Elektra Lives Again is a 1990 graphic novel by Frank Miller and Lynn Varley, published through American company Marvel Comics' imprint Epic Comics. It is a spin-off from Miller's run on Daredevil and tells the story of the apparent return of ninja warrior Elektra from death.

==Plot==
Monday, April 1: Matt Murdock attends confession, telling the priest that he is still haunted by the death of Elektra. He describes a recurring dream of Elektra climbing a snow-covered mountain. In the dream, Elektra is horrified to come upon her sais buried in the snow: "the weapons she used to murder so many". She also suddenly notices that her hands are covered in blood which she cannot wash away.

Tuesday, April 2: Murdock dreams again. This time Elektra is pursued across the mountain peak by the revenants of her former victims, who catch her and torture her. Murdock wakes, but slips back into another dream, this time of an occult ritual involving The Hand. Still in the dream state, he receives cryptic information that Elektra is alive, but that plans are afoot to kill her (again). These plans are described as finding "the one" who killed Elektra previously (i.e. Bullseye) and making him "mighty".

Saturday, April 6: Seeking company and distraction, Murdock telephones Karen Page, but she tells him she is busy in Los Angeles making "educational films". Murdock is troubled by the way she sounds, but she cuts him off.

Sunday, April 7: Murdock visits the cemetery location of Elektra's grave, and lays orchids.

Monday, April 8: Murdock meets with a female client to discuss her acrimonious divorce case. They end up having a one-night stand, but Murdock remains distracted by Elektra. He dreams of visiting her grave in an empty, snowy landscape, where he is set upon by ninjas. Elektra arrives to rescue him. She kills the ninjas, but in the aftermath stares at Murdock angrily, and strikes him with a poisoned shuriken.

Tuesday, April 9: Murdock resolves to act on his dreams, however crazy that may seem, and try to speak to Bullseye himself. Before he even leaves his apartment, however, he receives a phone call from Foggy Nelson informing him that Bullseye has been murdered in prison. Nelson and Murdock are to act as legal representation for Bullseye's killer.

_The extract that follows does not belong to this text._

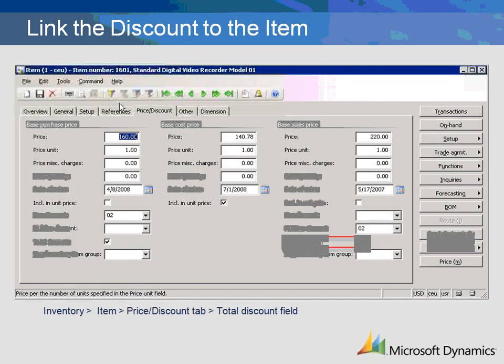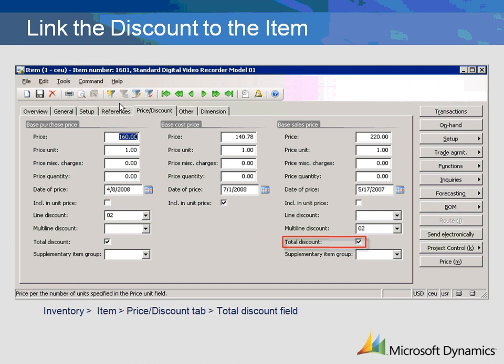Each item that is included or excluded from a total discount is identified on the item master form in the inventory management module. Go to the price discount tab and review the setting on the total discount field. The default setting is to include items for discount. Verify that all items are identified correctly — if the total discount box is checked, the item will be eligible for the total discount.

Wednesday, April 10: Murdock identifies Bullseye's body in the morgue, and then proceeds to the police precinct where he meets with Bullseye's Japanese assassin. They engage in a psychic battle which leaves Murdock unconscious and the assassin dead from a brain haemorrhage. Meanwhile, Elektra gains access to the morgue. She approaches Bullseye's body with a large blade, but before she can act, she is attacked by reanimated corpses, only narrowly escaping in an explosion that burns off her clothes. Naked, she walks past Murdock. He grabs her wrist as she passes, and they make love, but Murdock notes that she is cold. He regains consciousness, even less sure than before of the line between his dreams and reality. He returns home and works out with a punching bag, but soon becomes aware of sounds revealing an attacker is nearby. A ninja bursts in and the two fight, until the intruder is suddenly killed by an arrow fired into the apartment from outside by a shadowy figure. Murdock chases this second figure across the rooftops to a church, where The Hand have Bullseye's body and are in the process of a resurrection ritual. Elektra is already there, dressed in the white robes of a nun, but she is too late to stop the process. Murdock arrives to find her mortally wounded, apparently by Bullseye. Murdock and the ailing Elektra together eventually manage to kill Bullseye (again) after a brutal battle, but Elektra then dies (again) in Murdock's arms. Murdock recalls the priest at the confessional telling him that he wasn't being haunted by Elektra, but was in fact haunting her. He burns the church with her body inside ("even from across the street [the fire is] blistering"), but reflects that Elektra is nevertheless "somewhere cold". The book's final image is of Elektra once again in an empty landscape ankle-deep in snow, staring into a blue sky.

==Publication history==
Elektra Lives Again was originally published as a hardcover edition in 1990. It has since been reprinted a number of times in trade paperbacks and hardcovers of varying sizes, and was also included in the 2008 hardcover Elektra by Frank Miller & Bill Sienkiewicz Omnibus, along with the Elektra: Assassin limited series and a number of shorter stories.

==Awards==
- 1991 Eisner Award for Best Graphic Album: New
- 1991 UK Comic Art Award for Best Original Graphic Novel

==Cameo appearance==
As Murdock enters the cemetery on Sunday, the French comic character Carmen Cru^{fr} can be seen leaving.